Teve algum efeito sobre o modo como vê a nossa vida cá?
Que não precisamos de tanto para viver, de que se consegue viver com tão pouco. Às vezes parecia-me que não tinha nada para fazer o almoço, mas a D. Vitória fazia, por exemplo, com folhas de abóbora, leite de coco e caril, um manjar divinal, que eu jamais conseguiria fazer. Eles vivem com muito pouco. Nós achamos sempre que temos pouco, e temos tanto…
Voltava lá?
Voltava. Voltava mesmo. Para continuar o trabalho. Ficou um sabor a pouco.

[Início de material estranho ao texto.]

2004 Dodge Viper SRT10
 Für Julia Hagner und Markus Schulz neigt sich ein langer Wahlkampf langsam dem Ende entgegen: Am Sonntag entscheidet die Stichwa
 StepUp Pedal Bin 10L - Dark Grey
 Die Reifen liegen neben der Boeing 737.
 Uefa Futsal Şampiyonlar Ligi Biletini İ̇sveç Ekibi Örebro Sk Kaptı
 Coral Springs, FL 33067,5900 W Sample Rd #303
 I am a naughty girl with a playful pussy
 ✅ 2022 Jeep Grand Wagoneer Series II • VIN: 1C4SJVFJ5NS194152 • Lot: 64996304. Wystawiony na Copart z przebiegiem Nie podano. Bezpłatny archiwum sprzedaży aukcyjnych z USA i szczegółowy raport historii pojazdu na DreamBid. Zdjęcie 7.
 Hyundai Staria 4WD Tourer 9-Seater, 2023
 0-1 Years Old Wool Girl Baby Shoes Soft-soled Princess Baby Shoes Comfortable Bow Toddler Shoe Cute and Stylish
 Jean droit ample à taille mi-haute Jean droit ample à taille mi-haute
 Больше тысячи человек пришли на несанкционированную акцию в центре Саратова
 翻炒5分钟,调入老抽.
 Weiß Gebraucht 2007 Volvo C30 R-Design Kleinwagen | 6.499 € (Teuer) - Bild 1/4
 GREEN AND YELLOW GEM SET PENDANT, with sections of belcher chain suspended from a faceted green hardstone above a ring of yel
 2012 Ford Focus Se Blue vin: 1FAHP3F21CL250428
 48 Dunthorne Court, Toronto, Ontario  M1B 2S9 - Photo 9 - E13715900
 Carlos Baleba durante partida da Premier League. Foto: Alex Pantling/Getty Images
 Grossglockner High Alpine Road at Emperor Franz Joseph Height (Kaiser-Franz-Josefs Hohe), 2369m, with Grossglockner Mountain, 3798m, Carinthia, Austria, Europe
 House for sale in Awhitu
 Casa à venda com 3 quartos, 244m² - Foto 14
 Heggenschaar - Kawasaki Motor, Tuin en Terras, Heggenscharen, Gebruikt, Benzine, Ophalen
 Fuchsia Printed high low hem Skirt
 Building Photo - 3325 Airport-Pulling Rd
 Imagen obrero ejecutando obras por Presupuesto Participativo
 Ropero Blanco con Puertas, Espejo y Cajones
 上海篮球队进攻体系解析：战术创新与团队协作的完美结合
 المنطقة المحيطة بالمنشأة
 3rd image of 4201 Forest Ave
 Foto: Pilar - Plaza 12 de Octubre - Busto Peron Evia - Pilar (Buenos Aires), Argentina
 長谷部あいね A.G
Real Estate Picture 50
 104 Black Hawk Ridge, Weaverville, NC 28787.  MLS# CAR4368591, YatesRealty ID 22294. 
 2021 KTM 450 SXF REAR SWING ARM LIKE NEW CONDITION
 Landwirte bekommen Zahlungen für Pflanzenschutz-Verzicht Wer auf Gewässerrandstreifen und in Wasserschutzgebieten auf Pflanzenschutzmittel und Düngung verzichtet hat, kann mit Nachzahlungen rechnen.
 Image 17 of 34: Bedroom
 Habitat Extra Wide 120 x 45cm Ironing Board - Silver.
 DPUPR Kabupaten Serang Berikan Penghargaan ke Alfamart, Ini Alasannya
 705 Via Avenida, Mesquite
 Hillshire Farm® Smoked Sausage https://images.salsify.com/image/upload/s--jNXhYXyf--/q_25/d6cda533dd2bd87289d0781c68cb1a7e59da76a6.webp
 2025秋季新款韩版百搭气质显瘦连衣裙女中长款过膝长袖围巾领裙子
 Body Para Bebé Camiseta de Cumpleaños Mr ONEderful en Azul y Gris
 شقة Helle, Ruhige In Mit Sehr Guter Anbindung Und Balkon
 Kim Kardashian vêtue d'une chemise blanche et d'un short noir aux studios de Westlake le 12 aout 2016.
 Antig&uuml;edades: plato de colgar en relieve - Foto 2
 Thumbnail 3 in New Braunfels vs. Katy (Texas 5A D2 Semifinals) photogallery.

O próprio vereador, na avaliação, disse que gostava de dar continuidade ao projeto.
Ser Mais Valia
www.sermaisvalia.org
«A “Ser Mais Valia” é uma associação de voluntários, constituída por cidadãos com mais de 55 anos, que pretendem partilhar e rentabilizar [em Portugal ou nos PALOP’s] os seus conhecimentos, competências e experiências profissionais em projetos de cooperação e desenvolvimento, num exercício ativo de direitos e deveres de cidadania e de intervenção social.»
A “Ser Mais Valia” não presta serviço direto em África. Atua através de voluntários que vão “ser” uma “mais valia” para organizações que trabalham no terreno, respondendo aos pedidos que lhe chegam.
Foi fundada em fins de 2016, na sequência de um projeto promovido pela Fundação C. Gulbenkian.